Restate the listing below word for word. No picture belongs in the result.

[[ INPUT DATA, beginning ]]

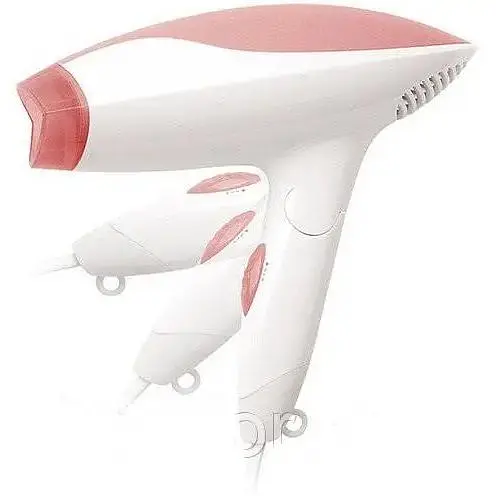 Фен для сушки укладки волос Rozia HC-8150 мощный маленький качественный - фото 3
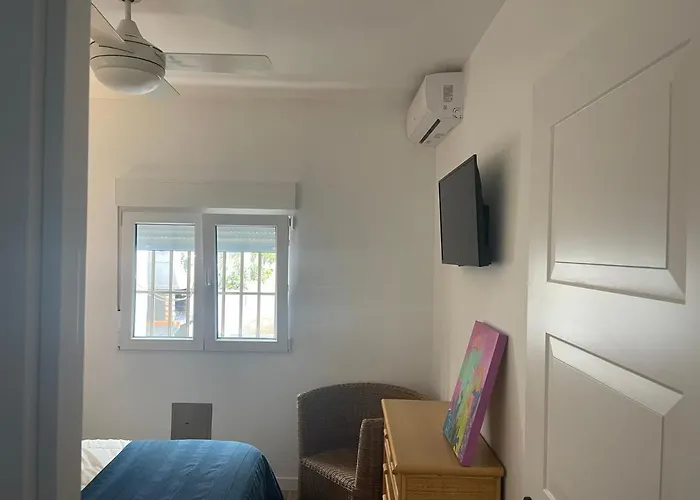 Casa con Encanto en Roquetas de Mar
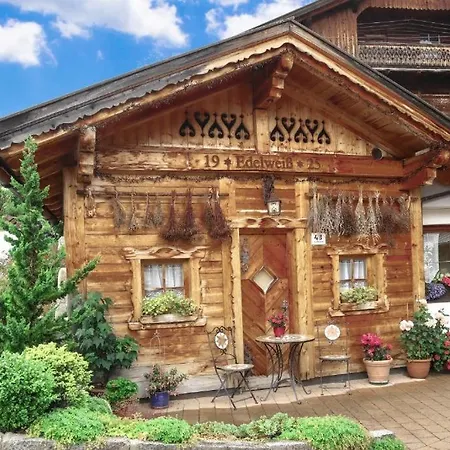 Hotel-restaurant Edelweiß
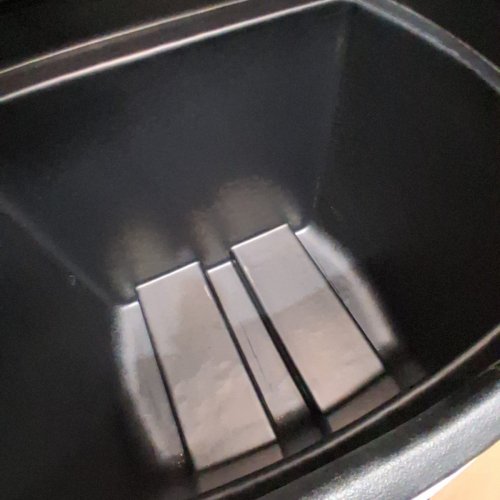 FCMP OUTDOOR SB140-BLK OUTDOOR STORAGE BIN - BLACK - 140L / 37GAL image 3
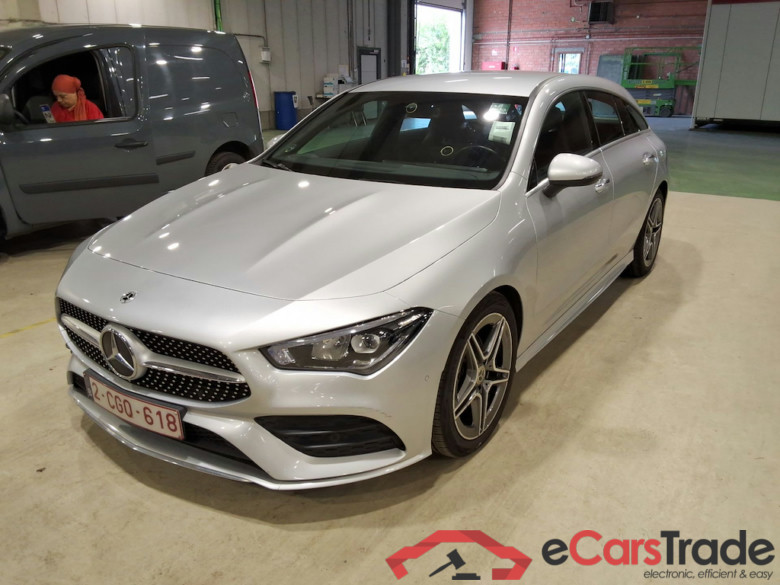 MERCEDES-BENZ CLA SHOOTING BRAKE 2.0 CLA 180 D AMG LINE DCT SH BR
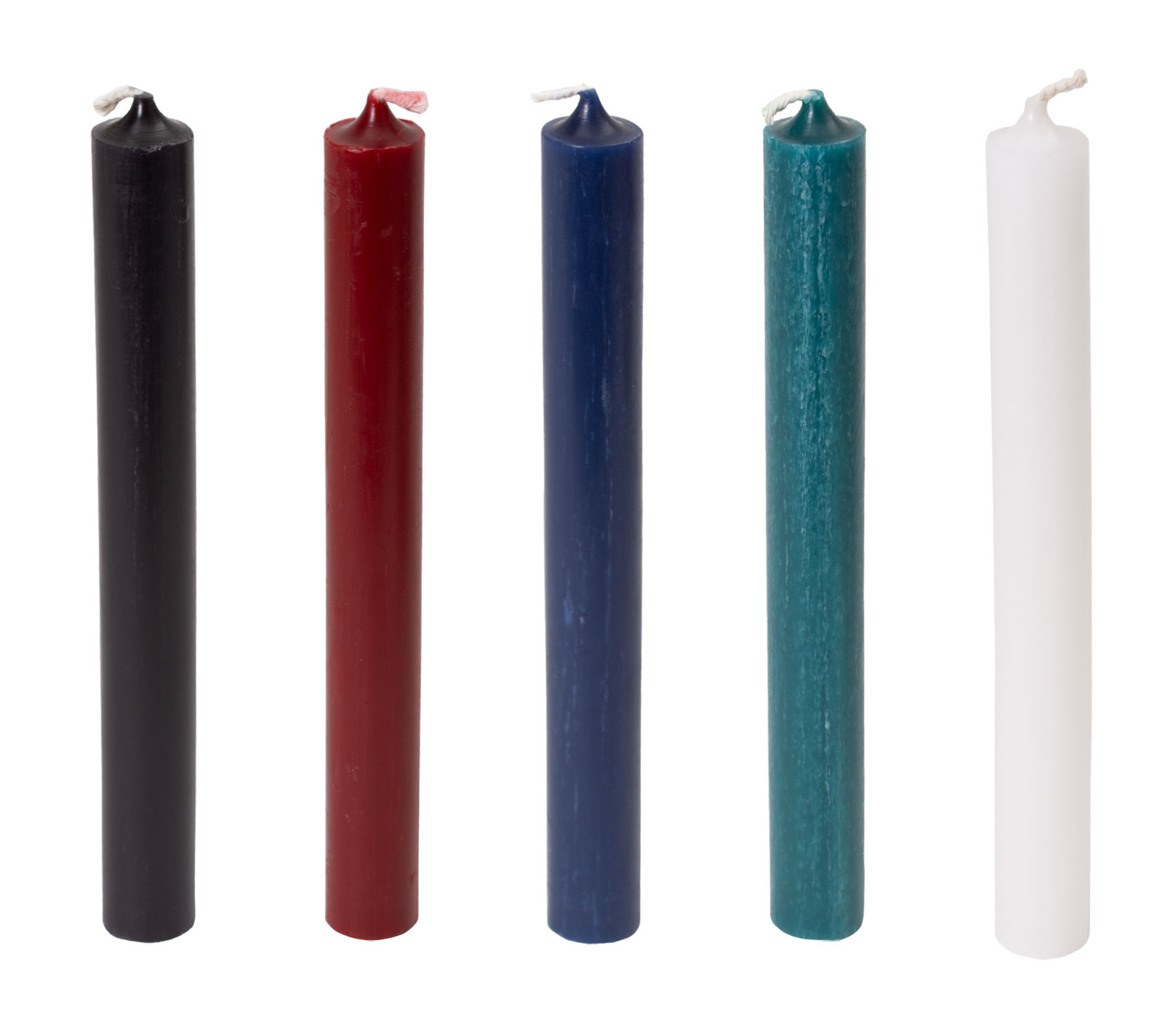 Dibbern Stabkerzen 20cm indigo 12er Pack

[[ INPUT DATA, end ]]

WRITTEN RESPONSE →
 Фен для сушки укладки волос Rozia HC-8150 мощный маленький качественный - фото 3
 Casa con Encanto en Roquetas de Mar
 Hotel-restaurant Edelweiß
 FCMP OUTDOOR SB140-BLK OUTDOOR STORAGE BIN - BLACK - 140L / 37GAL image 3
 MERCEDES-BENZ CLA SHOOTING BRAKE 2.0 CLA 180 D AMG LINE DCT SH BR
 Dibbern Stabkerzen 20cm indigo 12er Pack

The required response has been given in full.